Through 35 games, already roughly 22 percent of the season, the Rockies are 6-29. That's a .1707 winning percentage, which translates over a full season to 27 wins. And 135 losses. 27-135. The most losses in baseball history. That's just the start of the embarrassing statistics and season underway in Denver.

DENVER - Colorado Rockies starting pitcher Chase Dollander pitches in the first inning against the Athletics at Coors Field on April 6, 2025. Photo: Isaiah J. Downing-Imagn Images
Colorado Rockies A Historic Embarrassment For MLB
The Rockies are just 3-23 against teams with a winning record thus far this season. They're 2-17 on the road, which sounds bad. And yet they're just 4-12 at home too.
They're coming off one of the worst starts to a year in baseball history, thanks to an atrocious 4-22 April. Though they've "improved" thus far in May to 1-4.
Despite playing their games at the hitter's paradise of Coors Field, they are last in the league in runs scored at just 112. The league-leading Cubs have scored 223, nearly double the Rockies' total. In 35 games, the Cubs are averaging 2.7 runs per game more than the Rockies. Nearly three runs per game.
Colorado's SRS, a Baseball-Reference statistic called "Simple Rating System" that takes run differential per game and adjusts for strength of schedule, is -2.3. The Detroit Tigers are first at 1.8, meaning Detroit is better than Colorado by over four runs per game.
The Rockies are just 3-17 in their last 20, meaning their record has actually gotten worse after an atrocious first few weeks. Things are bad. Really, really bad.
Of the 11 hitters who have more than 60 plate appearances, just two have an OPS+ over 100, which is considered league average. In fact, there's only two hitters with an OPS+ over 100 of the 19 players who've taken an at-bat for Colorado this season. It's almost impossible to be this bad.
The starting rotation has combined for -1.9 WAR this season. Padres starting pitchers have been nearly five wins better than the Rockies.
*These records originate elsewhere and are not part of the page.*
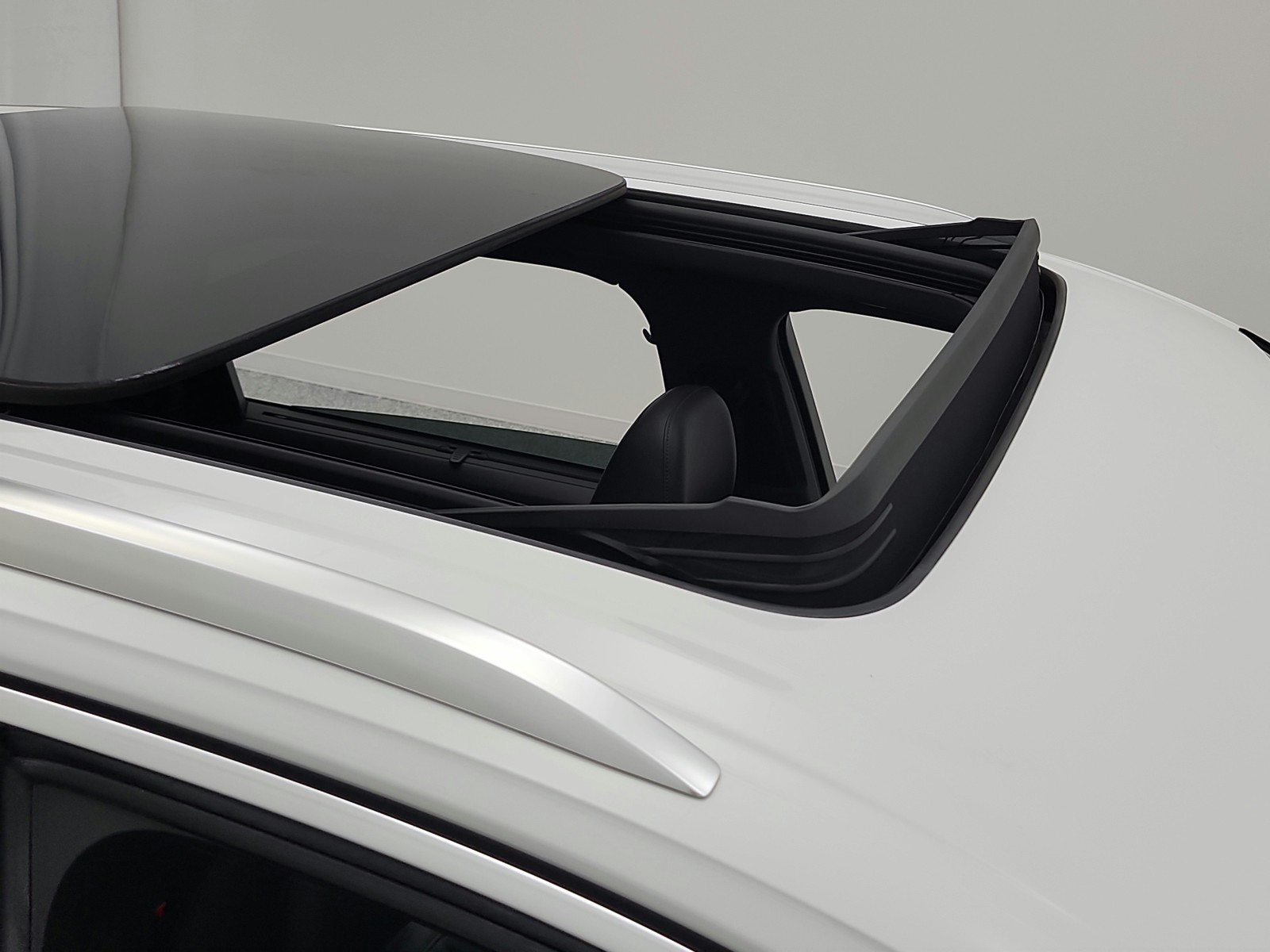 Used 2018 Carrara White Audi 3.0 TFSI Premium Plus image 19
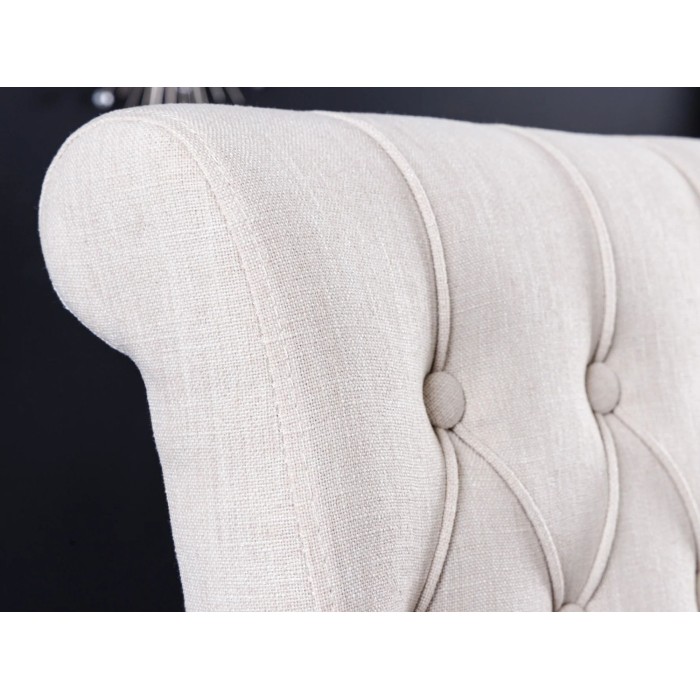 Zoom sur le haut du dossier de la chaise REGINA beige et noire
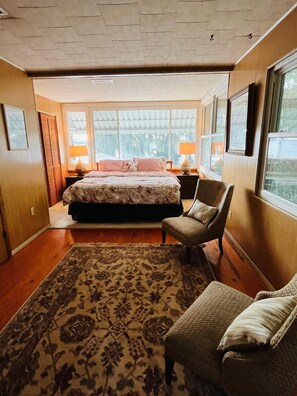 3 chambres, fer et planche à repasser, accès au Wi-Fi (inclus)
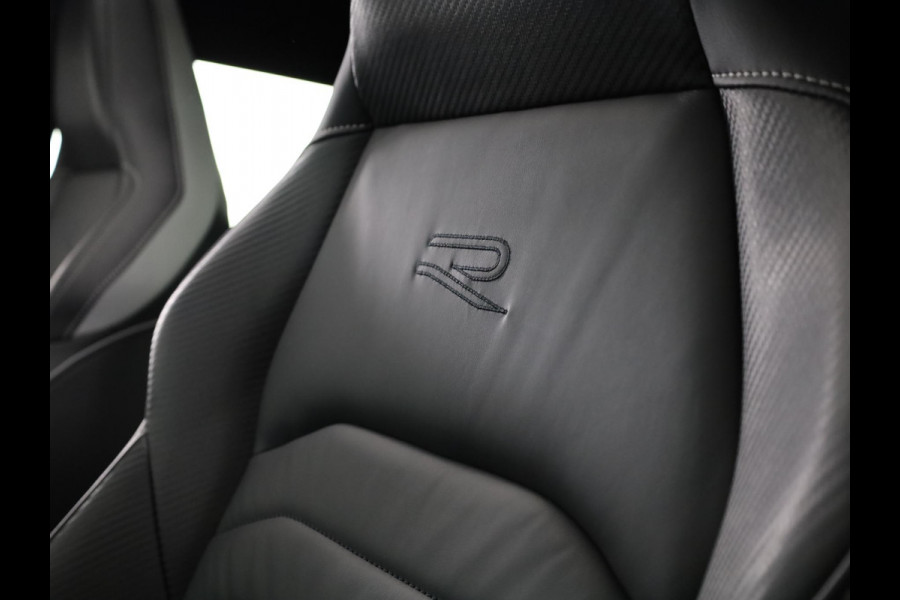 Volkswagen Arteon Shooting Brake 1.4 TSI eHybrid R-Line Business 218 pk Automaat (DSG) | Navigatie | Panoramadak | Elektr. trekhaak | Parkeersensoren (Park assist) | Achteruitrijcamera | Lederen bekleding |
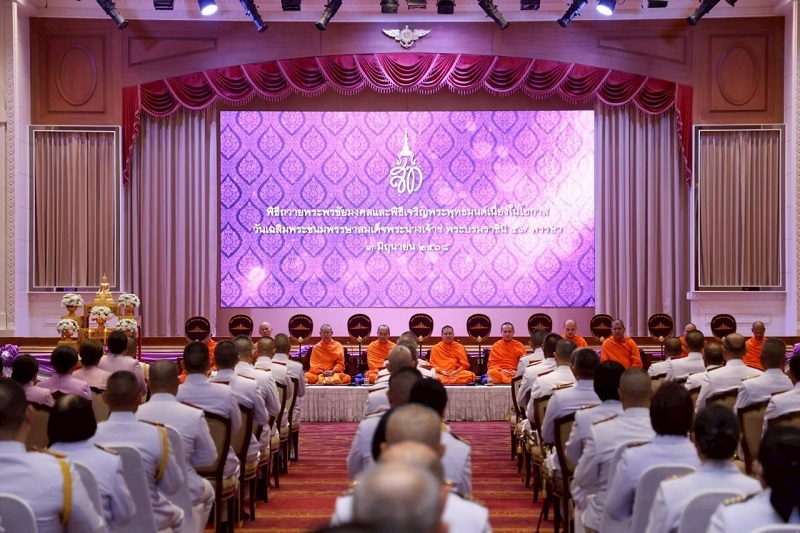พลโท วิริทธิ์พล พานนิล ผู้อำนวยการสำนักพัฒนาระบบราชการกลาโหม และภริยา พร้อมด้วยกำลังพลของหน่วย เข้าร่วมพิธีถวายพระพรชัยมงคลและพิธีเจริญพระพุทธมนต์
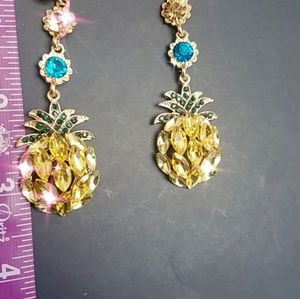 🍍Pineapple crystal dangle earrings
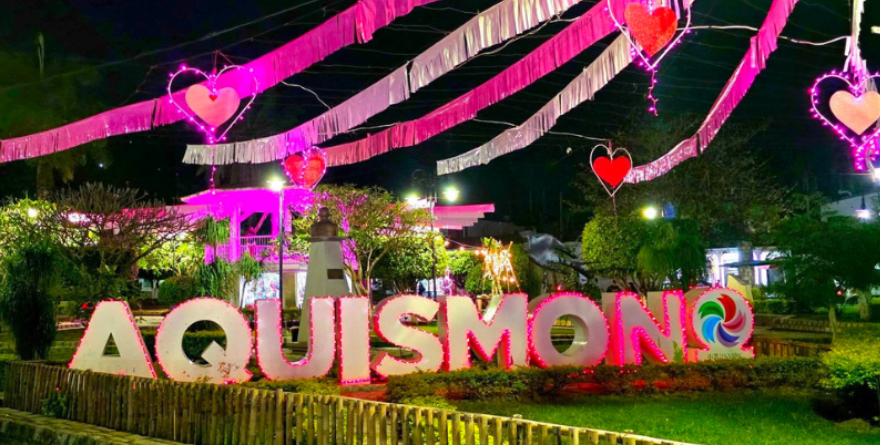 Aquismón se viste de rosa para celebrar el mes del amor y la amistad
And what makes this season even worse is that there's little to no help on the horizon. Kris Bryant is now almost permanently hurt. Their farm system is in the bottom half of the league, despite years of drafting near the top. With their chances of a playoff spot effectively zero, anyone of value can and should be traded before the deadline. It's ugly. Baseball fans thought last year's White Sox team was an embarrassment? This Rockies team is set to make them look good by comparison.